Stallings v. State, 71S00-8606-CR-595

Citation508 N.E.2d 550
Decision Date05 June 1987
Docket NumberNo. 71S00-8606-CR-595,71S00-8606-CR-595
PartiesLeonard C. STALLINGS, Appellant-Defendant, v. STATE of Indiana, Appellee-Plaintiff.
CourtSupreme Court of Indiana

Paul James Newman, South Bend, for appellant-defendant.

Linley E. Pearson, Atty. Gen., Michael Gene Worden, Deputy Atty. Gen., Indianapolis, for appellee-plaintiff.

PIVARNIK, Justice.

Leonard C. Stallings was convicted by jury of Rape, a class A felony and was sentenced to 25 years imprisonment. He directly appeals raising three issues for our review: 1) admitting evidence obtained from a consent search of Stallings' residence, 2) refusing to permit testimony of the results of K.A.'s pregnancy test, and 3) sufficiency of the evidence.

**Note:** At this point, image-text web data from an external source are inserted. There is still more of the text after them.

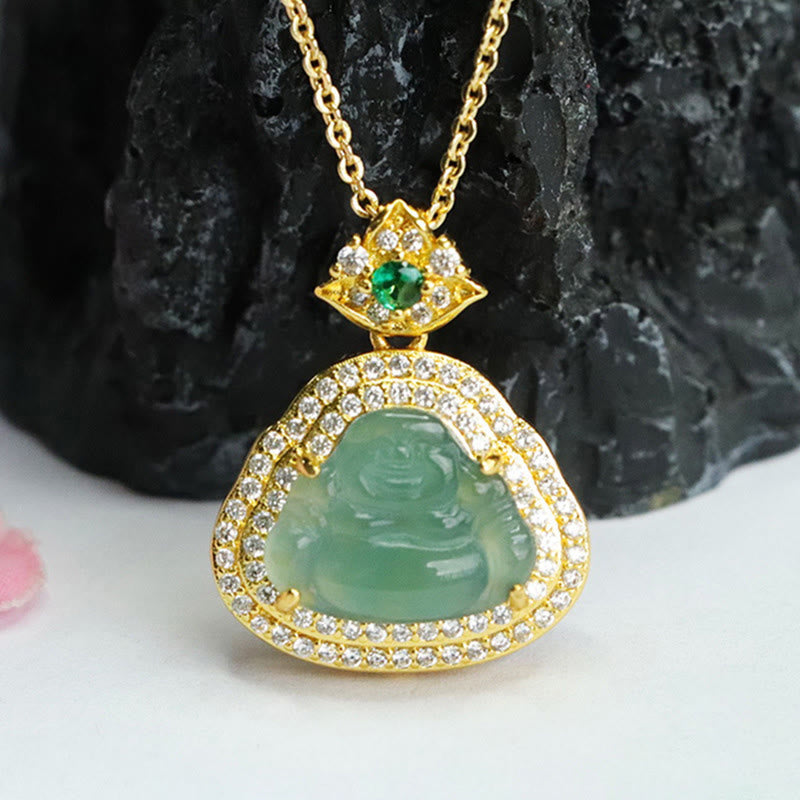 Nimara Ritual Jade Laughing Buddha Prosperity Luck Necklace Pendant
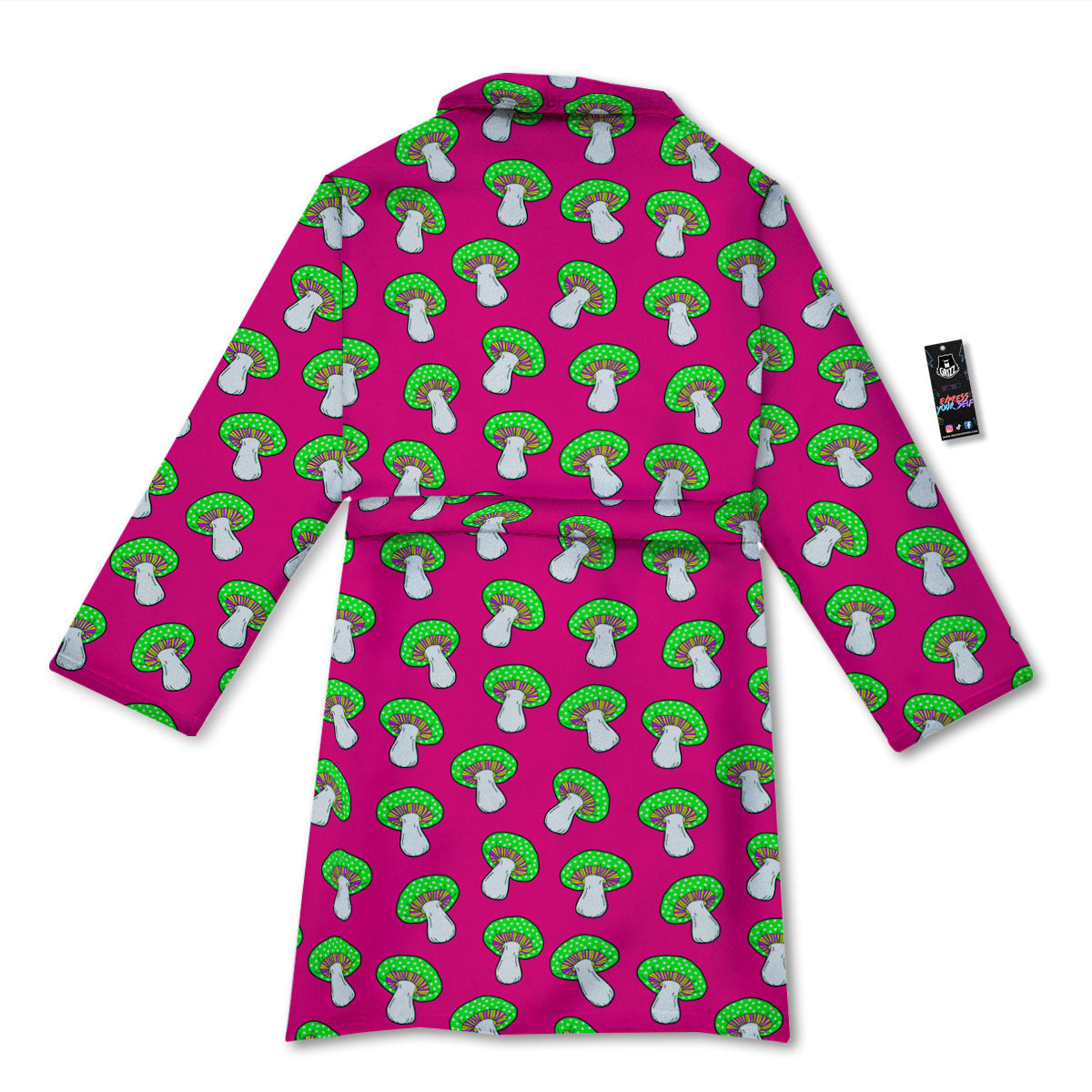 Hot Pink Crazy Mushroom Print Pattern Bathrobe-grizzshop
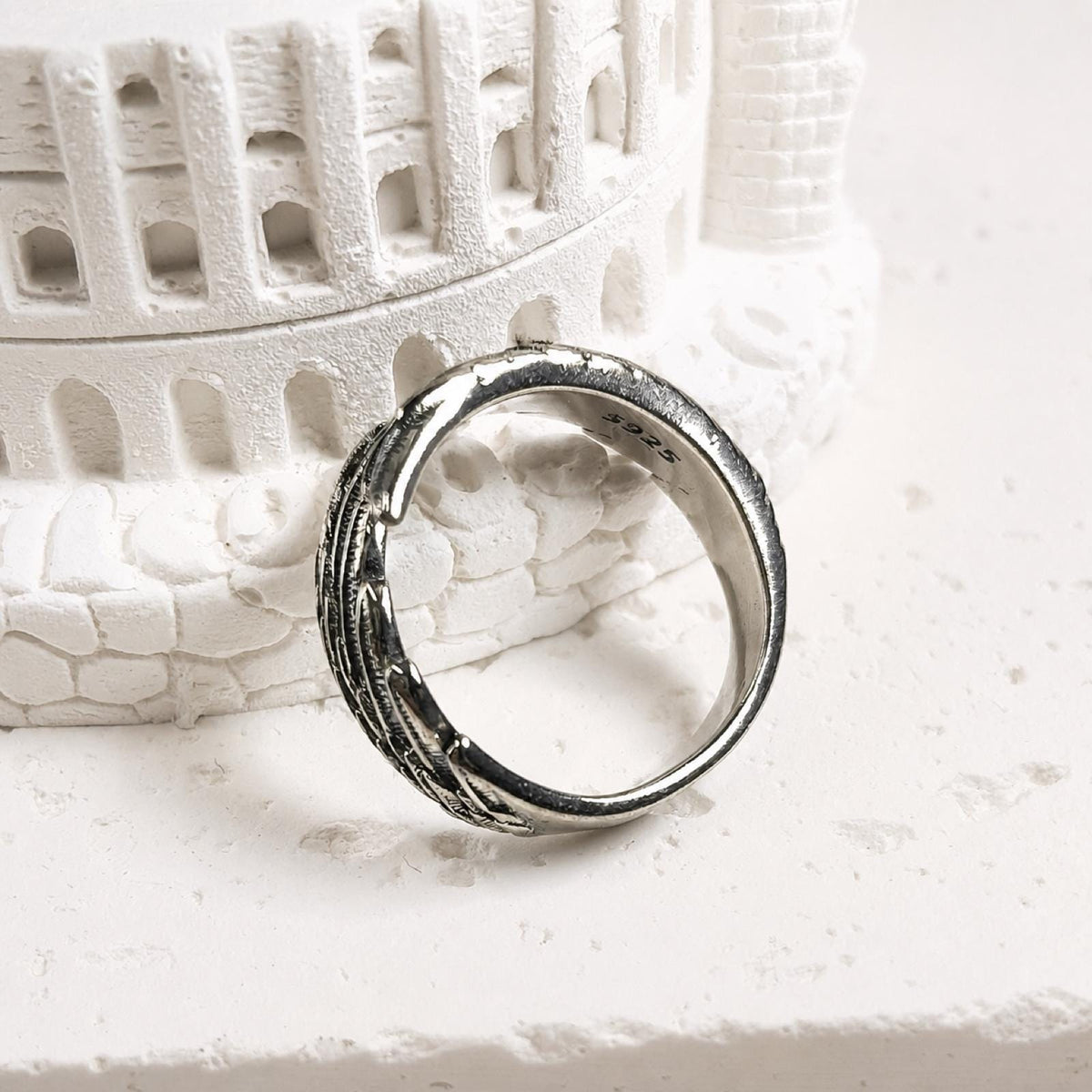 Sterling Silver Angel Wing Ring: Adjustable Feather Jewelry, Free Engraving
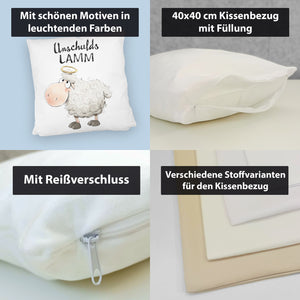 Schaf Kissen mit Spruch Unschuldslamm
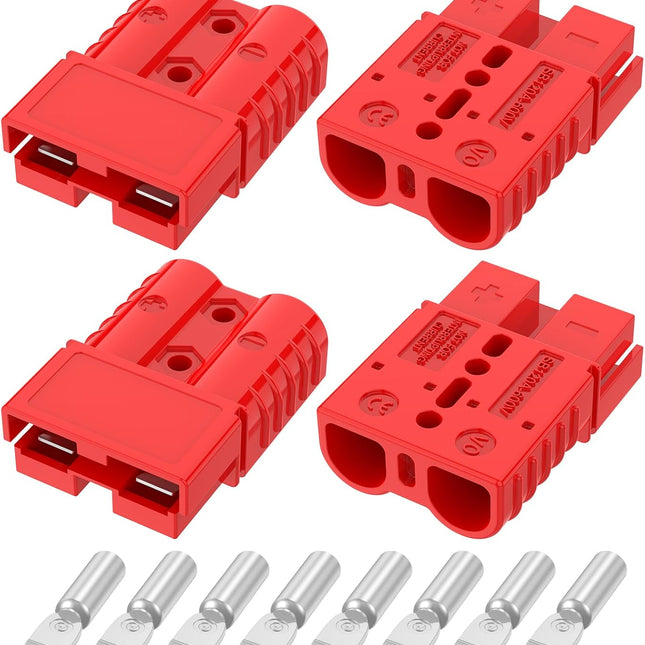 120A 600V Battery Quick Connect/Disconnect for 2-4 AWG Cables, Red, 4 PCS
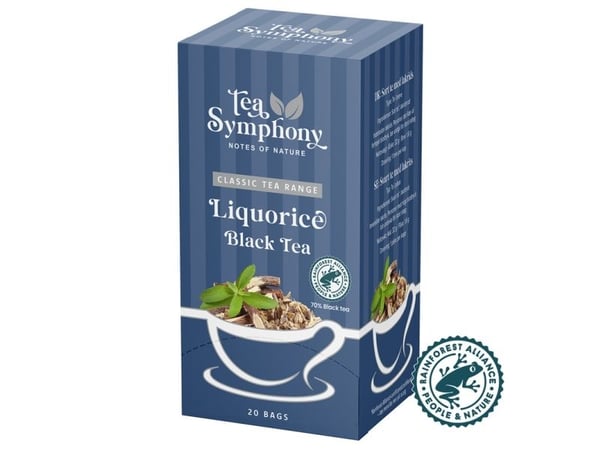 Te, Symphony, lakrits svart te, förpackning á 20 st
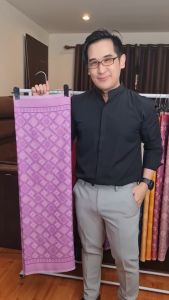 84.ผ้าฝ้าย ผ้าทอทั้งผืน ลายยกดอกวอแหวน สีชมพู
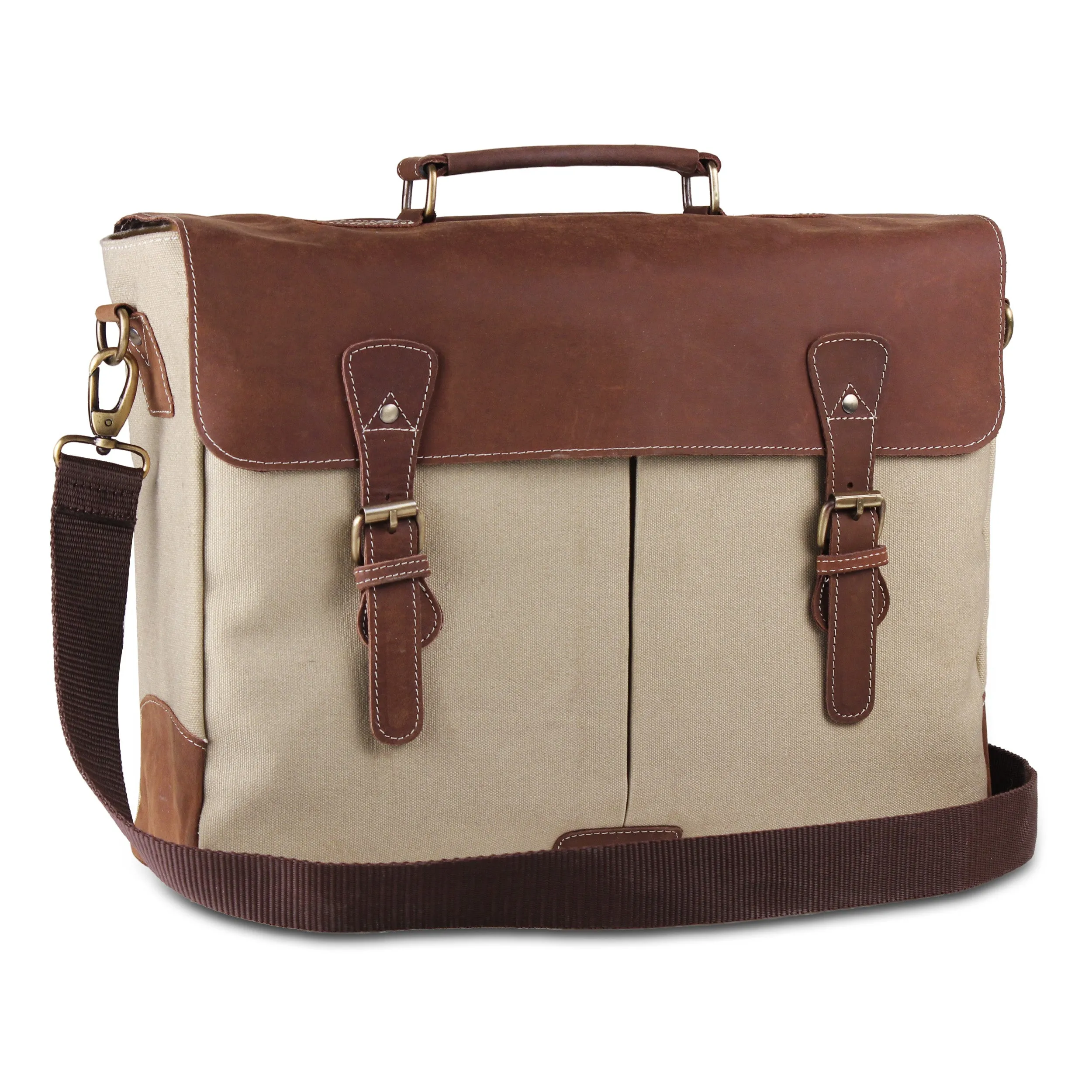 Leather Messenger Bag for Men 15.6" Laptop Satchel Briefcase Bag - Cream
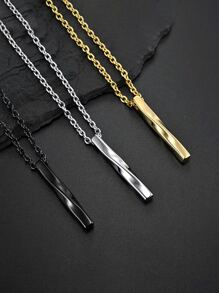 1 Miếng Retro Xoắn ốc Thẳng Dây chuyền chuỗi vòng cổ Dành Cho Nam Và Nữ Hip Hop Phụ kiện - màu đen - Xem 2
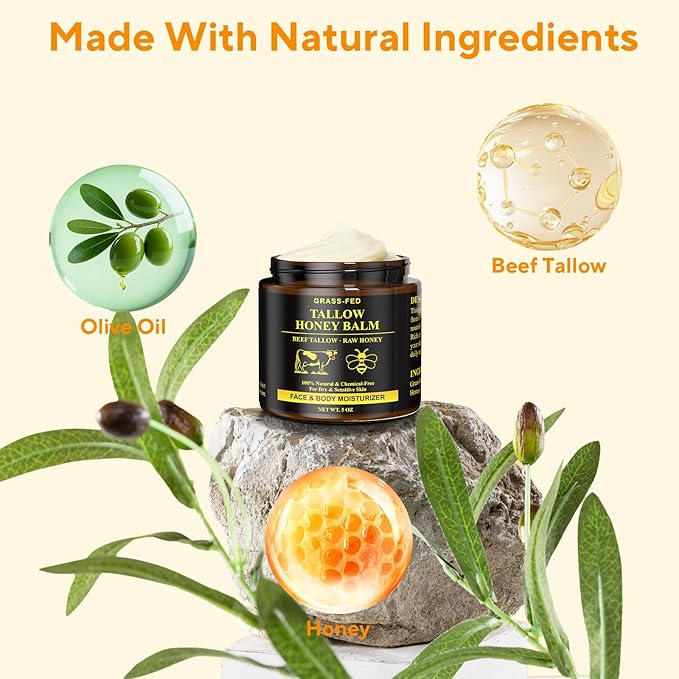 Beef Tallow for Skin, Tallow and Honey Balm, 5 oz Organic Grass-Fed Whipped Beef Tallow Cream, Deep Moisturizing Facial & Body Balm, 100% Natural Face Moisturizer for All Skin Types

The record shows on January 12, 1984, K.A. was walking to a bus stop on the way to school. Stallings drove up and asked if she wanted a ride. She refused, but eventually went with Stallings because he insisted and because he scared her. K.A. had seen Stallings a few times at a local Boys Club. Stallings drove K.A. to a house on Clinton Street in South Bend. He carried her inside to an upstairs bedroom, had her try on a pair of blue jeans, and then, while armed with a knife, forced her to have sexual intercourse with him.

Stallings then took K.A. to school. K.A. reported the rape to the assistant principal, who notified the police. K.A. pointed out the house to police. Police then took her to a hospital where a doctor and nurse prepared a rape kit. They saw no injuries and tests revealed no sperm on K.A.'s body. A pregnancy test was administered.

On January 13, 1984, police searched the house with the consent of Robert Gilliam. They found a pair of blue jeans in one upstairs bedroom and a knife in another bedroom. Photographs of these items and of the house were taken. Gilliam had lived at the Clinton Street house, but did not reside there on the date of the rape.

I.

Stallings first challenges the admission of the knife, the blue jeans and the photographs taken during the warrantless search of his home. Stallings made a pre-trial motion to suppress the fruits of the search, which the court denied. A hearing was held on the motion to suppress, but the Record of Proceedings presented on appeal does not contain a transcript of the hearing. It is an appellant's duty to present an adequate record clearly showing the alleged error. Jackson v. State (1986), Ind., 496 N.E.2d 32, 33. Where he fails to do so, the issue is deemed waived. Jackson, 496 N.E.2d at 33.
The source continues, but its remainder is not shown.